I just made this recipe, followed the directions exactly. The biscotti came out so dry that when I tied to cut the log the pieces crumbled. Not only did I waste my time making these, but I also wasted money buying the ingredients. I recommend picking another chocolate biscotti recipe if this is what you want to make. This is the first time I have ever had problems with an online recipe, and I have been baking and cooking for years.
I made these for a friend for Christmas last year & he loved them. I am giving them 4 stars instead of 5 only because I used high quality dark chocolate instead of cocoa & chocolate chips.
I loved these the first day but not as much the second day. Easy to do.
If you like biscotti, or if you like chocolate, try this recipe. Honestly, even if you don't like either, make the recipe! Someone in your life will undoubtedly scarf these up and love you forever for making them; they're really really good and fairly simple to put together. I made them just as written, but used my own muscle rather than an electric mixer and parchment paper instead of buttering a cookie sheet, and regular chips in lieu of mini ones... and I just realized now I didn't do the confectioners' sugar bit, but mine turned out just fine. I can't think of a substantial change I'd suggest making. I really highly recommend these for packages too.
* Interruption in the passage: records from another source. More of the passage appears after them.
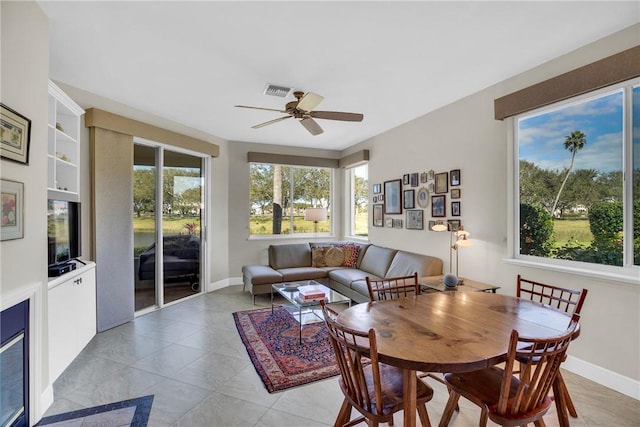 interior space featuring visible vents, a ceiling fan, and baseboards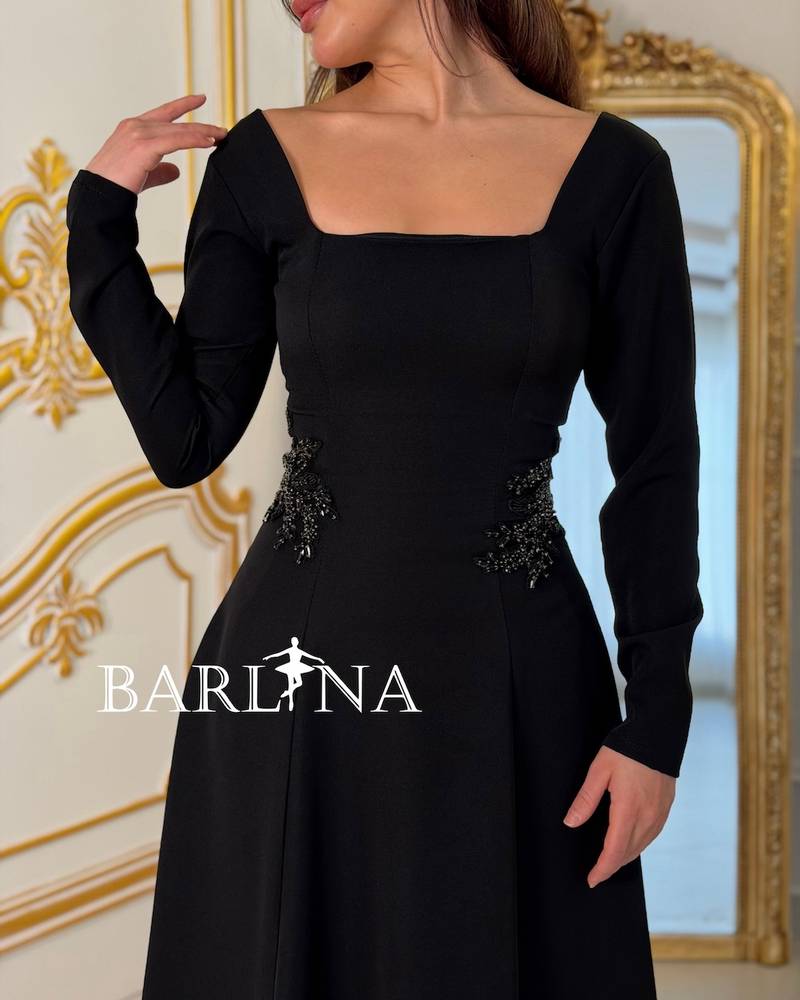 Long black dress with embroidery on the sides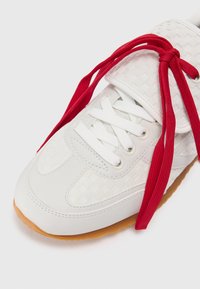 White sneaker with woven texture, red laces, and a gum outsole. Features rounded toe and padded tongue for comfort.
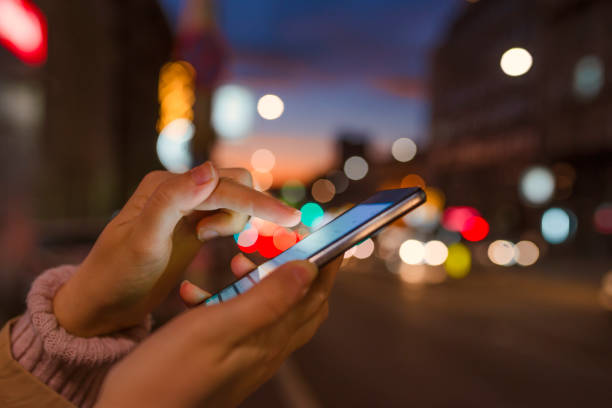 istock Close-up hand using phone in night time on street 899227102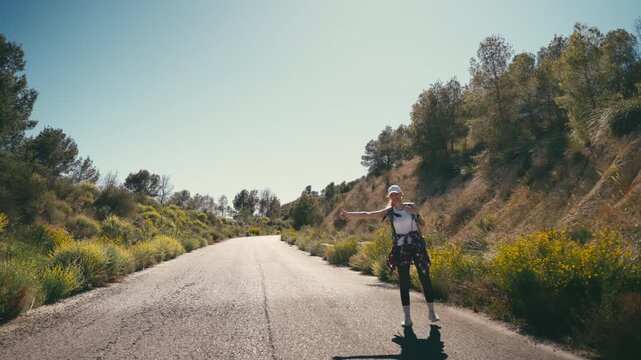 Woman with backpack traveling on an open road toward new opportunities and experiences. New beginnings, life changes, freedom and future possibilities concept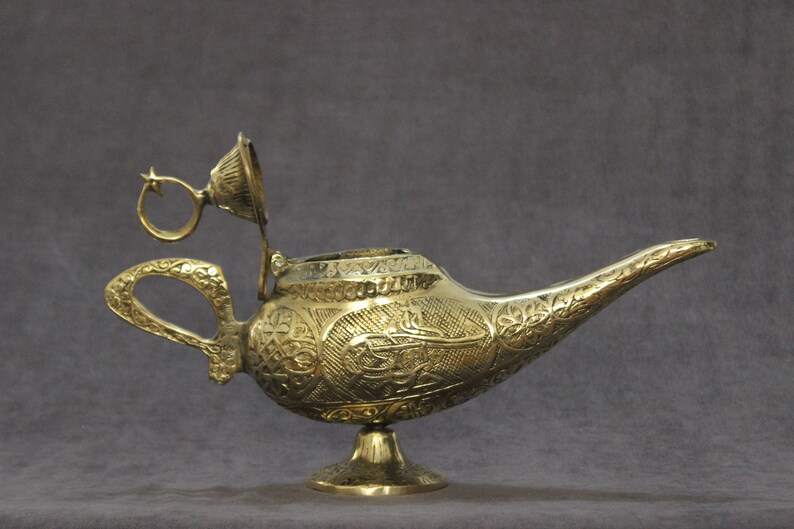 May include: A gold genie lamp with intricate floral and geometric designs. The lamp has a hinged lid and a star-shaped handle.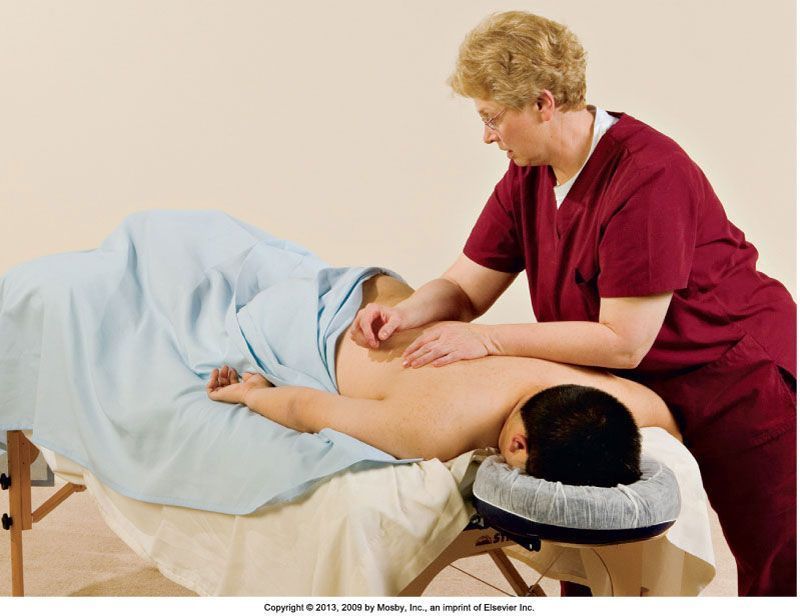 A woman is giving a man a massage on a table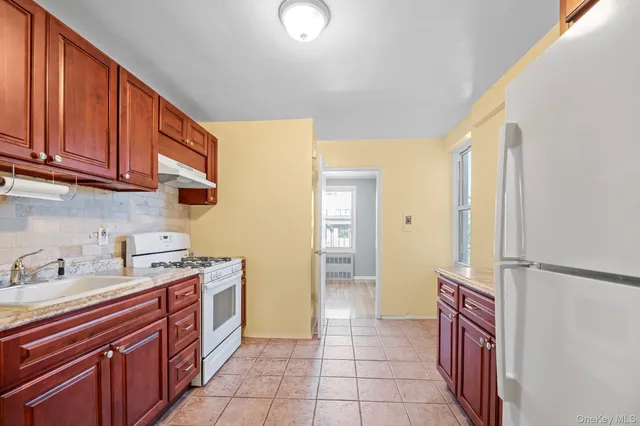 a kitchen with a sink refrigerator and cabinets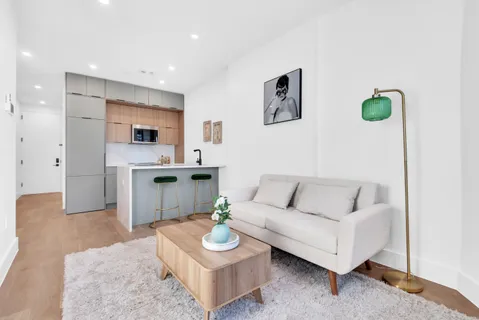 a living room with furniture and kitchen view
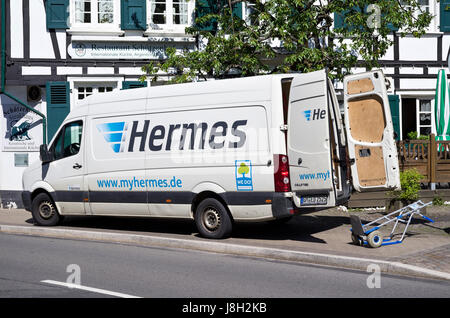 Hermes delivery van in front of a half-timber house. Hermes is Germany’s largest post-independent provider of deliveries to private customers. Stock Photo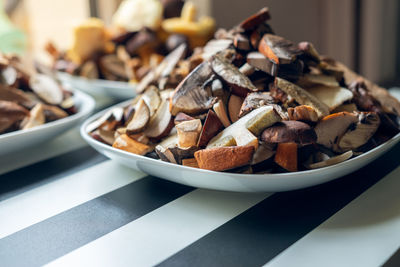 Plates full of cleaned, sliced, colored mushrooms. bay bolete, larch bolete, slippery jack, 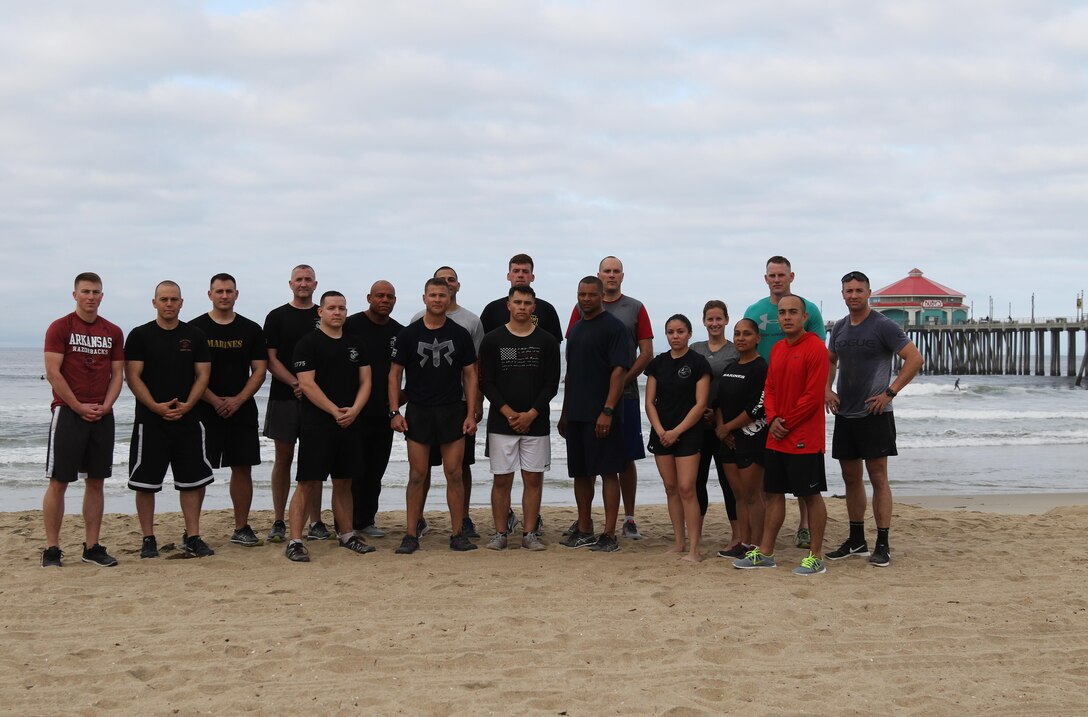 U.S. Marines of Recruiting Station Orange County and 12th Marine Corps District pose together after completing a team-building workout at Huntington Beach, Calif., April 18, 2017. (U.S. Marine Corps photo by Sgt. Jessica Quezada)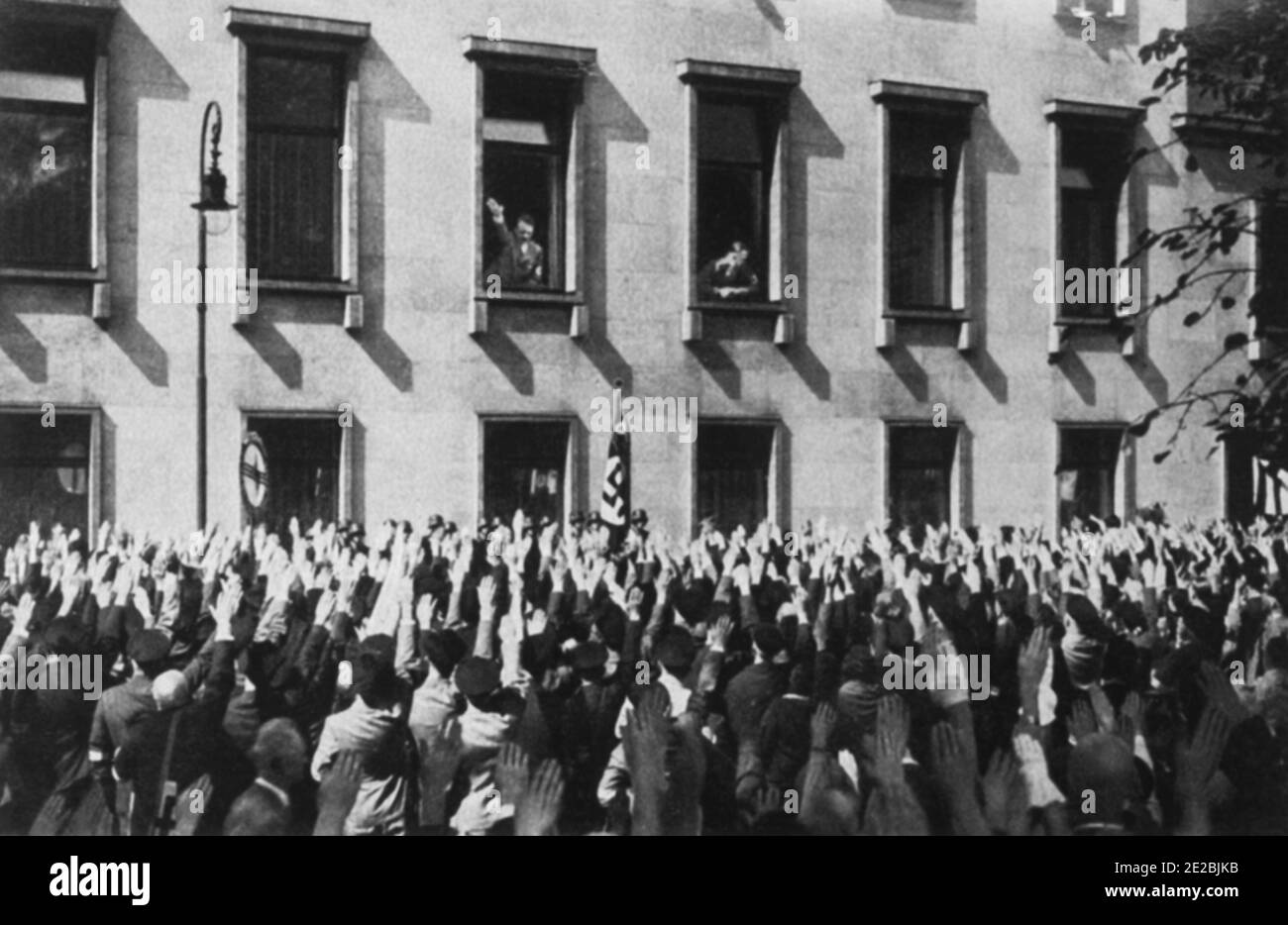 Hitler saluting the crowd from the Reich Chancellery after the Saar was reunified with Germany. Stock Photo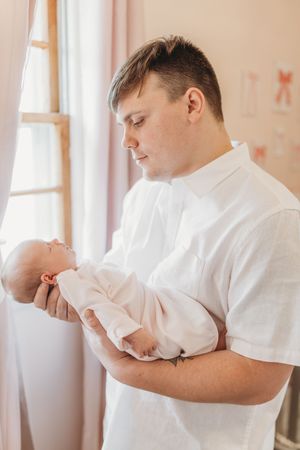 A tender moment with a newborn baby swaddled in white being cradled gently.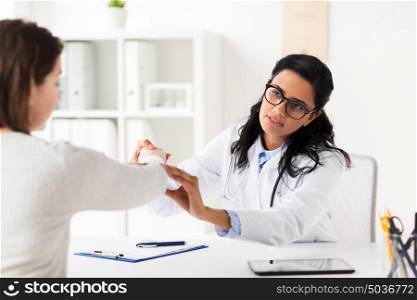 medicine, healthcare and people concept - doctor examining woman patient hand at hospital. doctor examining patient hand at hospital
I sent them to my best friend, across the country, who is finishing grad school, and they held up perfectly.
I'm a huge biscotti fan and baker. I would rank these with my top 3 biscotti recipes(the other two being Cranberry-Orange and Anise-Almond). The flavor was decadently chocolate and they have just the right amount of crunch without hurting your teeth. My tip is that when you bake them for the second time, just stand the slices UPRIGHT (shown in my photo) rather than laying them flat and then flipping them over. This is an excellent recipe with well-written instructions. Thank you! Update 8/30/08 - used the new DARK cocoa powder and they were even better than before!! Update 5/24/09 - reduce salt to 1/2 teaspoon unless you like the noticeably salty flavor.
My daughater and I just made these and I have to agree with the other reviews...they are fabulous!!